Tape drive stuck in "CleanUp Retrieve" state

gtf87 · 30 May 2022 15:06

Over the weekend we have had 4 drives go into this cleanup state and never come out of it. It takes a restart of the tape daemon to clear the issue. This has been since we moved to cta version 4.6.1-1 last week.
It appears that the mount fails, and the tape daemon for whatever reason refuses to clear the state. I’ve found two ways the mounts fail. One, the nbAttempts is reached -

exceptionMessage=“Failed to mount tape for read-only access: vid=CT1988 slot=smc3: Failed to mount tape in SCSI tape-library for read/write access: vid=CT1988 librarySlot=smc3: Received error from rmcd after several fast retries: nbAttempts=10 rmcErrorStream=smc_mount: SR017 - find_cartridge CT1988 failed : Not Ready to Ready Transition”

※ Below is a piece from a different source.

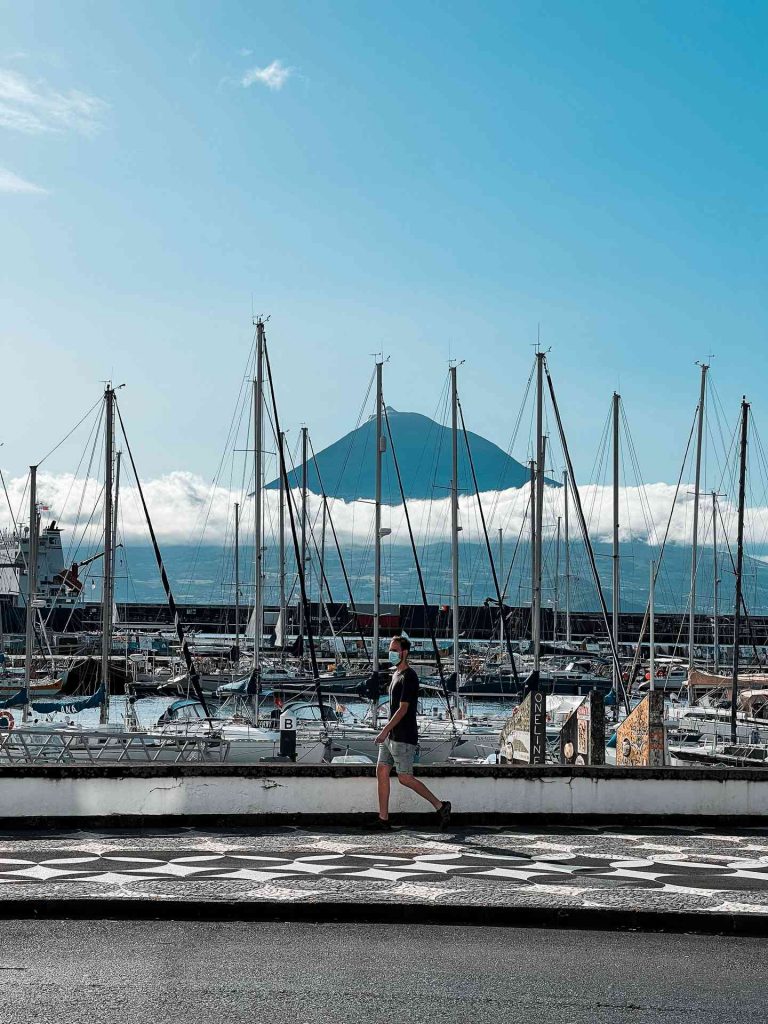 Man walking by the marina in Horta, The Azores. Camping in volcano Pico, Portugal’s highest mountain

and the other the tape is apparently mounted, but rmcd says it fails as the tape is already mounted -

cta-rmcd.log.4.gz:05/26 11:18:00 1805 rmc_srv_mount: RMC98 - mount CT2405/0 on drive 0
cta-rmcd.log.4.gz:05/26 11:18:02 1805 rmc_sendrep: smc_mount: Asked for CT2405, got reply for CT2405
cta-rmcd.log.4.gz:05/26 11:18:02 1805 rmc_sendrep: smc_mount: SR018 - mount of CT2405 on drive 0 failed : volume in use

Our servers have two drives attached, and the other drive carries on as normal. In all cases the drive is empty. In all cases the tape device is “busy” so does not respond to mt. lsof shows the tape daemon has the device open

lsof /dev/ts1160_0
COMMAND PID USER FD TYPE DEVICE SIZE/OFF NODE NAME
cta-tpd-a 21138 cta 36u CHR 9,128 0t0 47127 /dev/nst0

Anyone any ideas where to look for the cause?

Logs available on request

Thanks

Tim

mdavis · 31 May 2022 16:09

Sorry, Tim, this is a regression. It’s fixed in 4.7.3-1.